▶ _Your objective_:
Among the lines below, tally those that hold "быстроразъемные". Return the number and nothing more.

(Short descriptive text snippets)
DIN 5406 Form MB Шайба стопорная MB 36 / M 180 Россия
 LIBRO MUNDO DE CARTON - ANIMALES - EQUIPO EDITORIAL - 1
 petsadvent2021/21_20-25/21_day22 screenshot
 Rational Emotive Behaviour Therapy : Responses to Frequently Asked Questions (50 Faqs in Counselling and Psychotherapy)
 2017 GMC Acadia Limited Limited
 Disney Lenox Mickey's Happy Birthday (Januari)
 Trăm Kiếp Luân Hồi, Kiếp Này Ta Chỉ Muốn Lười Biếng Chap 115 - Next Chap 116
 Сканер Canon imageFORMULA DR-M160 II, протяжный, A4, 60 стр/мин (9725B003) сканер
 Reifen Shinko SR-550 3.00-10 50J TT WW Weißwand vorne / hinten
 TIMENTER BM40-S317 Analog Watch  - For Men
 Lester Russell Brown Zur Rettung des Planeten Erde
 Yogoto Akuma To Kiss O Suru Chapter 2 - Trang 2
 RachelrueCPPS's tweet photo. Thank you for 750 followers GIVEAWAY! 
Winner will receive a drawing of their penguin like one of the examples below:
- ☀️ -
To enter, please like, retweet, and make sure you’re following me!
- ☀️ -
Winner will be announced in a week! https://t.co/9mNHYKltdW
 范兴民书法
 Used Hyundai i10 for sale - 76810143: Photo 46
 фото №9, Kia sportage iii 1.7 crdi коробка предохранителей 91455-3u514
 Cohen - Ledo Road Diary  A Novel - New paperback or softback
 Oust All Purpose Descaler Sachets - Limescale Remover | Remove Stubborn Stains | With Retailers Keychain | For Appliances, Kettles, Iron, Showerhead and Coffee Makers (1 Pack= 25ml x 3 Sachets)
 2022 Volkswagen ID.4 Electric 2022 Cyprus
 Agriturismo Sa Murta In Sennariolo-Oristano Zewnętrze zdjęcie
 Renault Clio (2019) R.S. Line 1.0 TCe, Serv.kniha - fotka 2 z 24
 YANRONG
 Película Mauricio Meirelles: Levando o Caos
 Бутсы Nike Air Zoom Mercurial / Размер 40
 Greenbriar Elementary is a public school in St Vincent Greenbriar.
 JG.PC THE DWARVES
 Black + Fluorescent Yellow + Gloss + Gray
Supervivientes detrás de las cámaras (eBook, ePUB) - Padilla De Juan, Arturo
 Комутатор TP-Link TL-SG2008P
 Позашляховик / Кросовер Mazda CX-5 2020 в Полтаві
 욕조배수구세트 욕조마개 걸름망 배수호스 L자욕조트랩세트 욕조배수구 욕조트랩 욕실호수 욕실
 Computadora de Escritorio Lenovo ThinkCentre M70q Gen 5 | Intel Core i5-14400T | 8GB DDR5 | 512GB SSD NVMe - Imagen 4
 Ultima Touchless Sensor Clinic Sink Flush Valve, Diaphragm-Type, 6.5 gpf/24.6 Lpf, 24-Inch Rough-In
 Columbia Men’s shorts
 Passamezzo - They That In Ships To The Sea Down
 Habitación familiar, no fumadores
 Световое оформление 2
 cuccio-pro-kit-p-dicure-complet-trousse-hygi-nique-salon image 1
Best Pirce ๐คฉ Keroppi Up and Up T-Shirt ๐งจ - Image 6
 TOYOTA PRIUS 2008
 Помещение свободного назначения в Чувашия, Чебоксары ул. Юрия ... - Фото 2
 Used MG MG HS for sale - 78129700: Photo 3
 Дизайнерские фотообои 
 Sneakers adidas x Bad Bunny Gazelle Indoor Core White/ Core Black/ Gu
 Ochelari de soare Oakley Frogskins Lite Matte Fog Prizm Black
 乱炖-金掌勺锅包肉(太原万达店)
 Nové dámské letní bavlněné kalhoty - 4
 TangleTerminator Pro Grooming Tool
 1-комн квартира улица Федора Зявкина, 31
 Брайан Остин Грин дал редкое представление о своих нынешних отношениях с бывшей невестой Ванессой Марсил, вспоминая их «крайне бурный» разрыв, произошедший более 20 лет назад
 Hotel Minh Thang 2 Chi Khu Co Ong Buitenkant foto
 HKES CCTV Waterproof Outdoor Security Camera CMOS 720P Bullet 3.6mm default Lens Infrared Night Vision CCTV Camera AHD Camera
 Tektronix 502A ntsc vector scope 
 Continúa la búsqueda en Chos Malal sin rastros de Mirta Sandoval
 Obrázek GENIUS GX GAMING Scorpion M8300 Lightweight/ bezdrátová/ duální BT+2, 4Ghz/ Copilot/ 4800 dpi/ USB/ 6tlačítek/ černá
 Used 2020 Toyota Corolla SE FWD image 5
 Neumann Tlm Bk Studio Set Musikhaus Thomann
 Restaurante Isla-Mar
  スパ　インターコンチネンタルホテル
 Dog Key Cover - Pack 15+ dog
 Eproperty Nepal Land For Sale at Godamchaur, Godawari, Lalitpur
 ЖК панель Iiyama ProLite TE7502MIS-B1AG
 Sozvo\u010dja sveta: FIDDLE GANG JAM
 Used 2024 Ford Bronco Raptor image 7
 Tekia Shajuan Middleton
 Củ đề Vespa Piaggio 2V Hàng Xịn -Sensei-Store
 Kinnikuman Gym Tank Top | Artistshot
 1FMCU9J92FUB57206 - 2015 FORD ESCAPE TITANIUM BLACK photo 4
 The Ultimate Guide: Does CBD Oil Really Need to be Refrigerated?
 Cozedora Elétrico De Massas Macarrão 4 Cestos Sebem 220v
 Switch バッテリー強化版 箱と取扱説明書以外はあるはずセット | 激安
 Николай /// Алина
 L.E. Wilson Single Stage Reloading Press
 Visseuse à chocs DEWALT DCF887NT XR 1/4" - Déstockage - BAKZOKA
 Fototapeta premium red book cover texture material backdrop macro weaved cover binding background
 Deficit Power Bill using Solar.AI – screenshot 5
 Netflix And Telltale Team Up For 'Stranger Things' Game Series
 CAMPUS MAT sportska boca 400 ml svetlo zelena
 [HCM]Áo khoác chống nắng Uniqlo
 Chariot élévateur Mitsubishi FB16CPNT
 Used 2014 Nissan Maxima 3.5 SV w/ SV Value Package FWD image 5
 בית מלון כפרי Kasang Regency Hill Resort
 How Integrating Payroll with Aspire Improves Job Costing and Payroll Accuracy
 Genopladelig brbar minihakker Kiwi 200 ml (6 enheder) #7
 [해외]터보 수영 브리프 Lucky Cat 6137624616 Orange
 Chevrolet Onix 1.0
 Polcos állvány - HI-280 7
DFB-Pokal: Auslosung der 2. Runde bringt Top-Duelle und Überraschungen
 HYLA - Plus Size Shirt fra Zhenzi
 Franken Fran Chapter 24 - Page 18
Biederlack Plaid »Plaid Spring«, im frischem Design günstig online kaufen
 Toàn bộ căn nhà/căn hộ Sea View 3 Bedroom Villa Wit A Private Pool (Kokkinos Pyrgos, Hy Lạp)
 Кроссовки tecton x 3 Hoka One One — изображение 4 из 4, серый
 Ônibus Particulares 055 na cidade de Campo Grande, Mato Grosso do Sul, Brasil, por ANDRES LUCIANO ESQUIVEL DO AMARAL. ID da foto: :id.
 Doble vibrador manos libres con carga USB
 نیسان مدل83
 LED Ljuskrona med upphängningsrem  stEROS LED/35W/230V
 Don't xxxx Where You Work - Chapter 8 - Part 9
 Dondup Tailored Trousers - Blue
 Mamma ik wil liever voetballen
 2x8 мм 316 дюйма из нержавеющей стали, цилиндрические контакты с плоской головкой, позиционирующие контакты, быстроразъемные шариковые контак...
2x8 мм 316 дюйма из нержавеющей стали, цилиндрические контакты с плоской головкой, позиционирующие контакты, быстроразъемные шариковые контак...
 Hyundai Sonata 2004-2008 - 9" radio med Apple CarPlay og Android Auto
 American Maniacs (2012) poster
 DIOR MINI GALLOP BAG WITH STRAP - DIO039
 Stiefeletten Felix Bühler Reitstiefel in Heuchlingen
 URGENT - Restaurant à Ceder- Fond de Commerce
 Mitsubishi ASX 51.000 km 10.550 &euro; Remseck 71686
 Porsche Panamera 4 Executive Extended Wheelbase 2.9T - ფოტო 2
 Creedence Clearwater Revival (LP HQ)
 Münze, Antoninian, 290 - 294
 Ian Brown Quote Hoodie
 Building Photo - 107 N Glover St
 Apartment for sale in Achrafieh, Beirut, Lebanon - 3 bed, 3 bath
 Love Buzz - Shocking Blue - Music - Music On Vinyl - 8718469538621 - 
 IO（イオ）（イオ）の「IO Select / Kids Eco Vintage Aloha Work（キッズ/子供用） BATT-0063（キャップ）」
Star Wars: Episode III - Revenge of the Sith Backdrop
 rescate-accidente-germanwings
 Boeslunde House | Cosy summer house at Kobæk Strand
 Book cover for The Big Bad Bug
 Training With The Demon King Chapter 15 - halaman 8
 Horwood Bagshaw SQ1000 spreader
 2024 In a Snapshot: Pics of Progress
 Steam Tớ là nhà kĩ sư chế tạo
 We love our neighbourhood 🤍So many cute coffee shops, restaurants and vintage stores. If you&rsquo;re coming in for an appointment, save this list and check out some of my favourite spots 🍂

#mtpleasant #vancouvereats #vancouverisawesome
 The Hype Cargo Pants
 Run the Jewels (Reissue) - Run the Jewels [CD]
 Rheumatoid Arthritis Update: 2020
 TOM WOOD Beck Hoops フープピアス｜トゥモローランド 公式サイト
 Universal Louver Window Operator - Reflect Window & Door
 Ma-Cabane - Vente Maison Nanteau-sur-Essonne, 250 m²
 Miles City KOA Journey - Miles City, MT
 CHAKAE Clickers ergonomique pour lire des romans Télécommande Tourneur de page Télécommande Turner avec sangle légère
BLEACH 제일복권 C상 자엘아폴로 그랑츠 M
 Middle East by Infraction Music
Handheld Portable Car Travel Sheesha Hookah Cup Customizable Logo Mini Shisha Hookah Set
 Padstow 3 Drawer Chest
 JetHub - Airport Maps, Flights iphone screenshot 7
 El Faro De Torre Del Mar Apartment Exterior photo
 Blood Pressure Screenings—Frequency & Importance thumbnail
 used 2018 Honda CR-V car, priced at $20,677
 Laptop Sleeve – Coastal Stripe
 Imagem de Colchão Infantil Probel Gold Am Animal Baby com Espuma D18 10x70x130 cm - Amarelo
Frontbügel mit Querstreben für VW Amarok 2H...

▶ _Solution to this exercise_:
2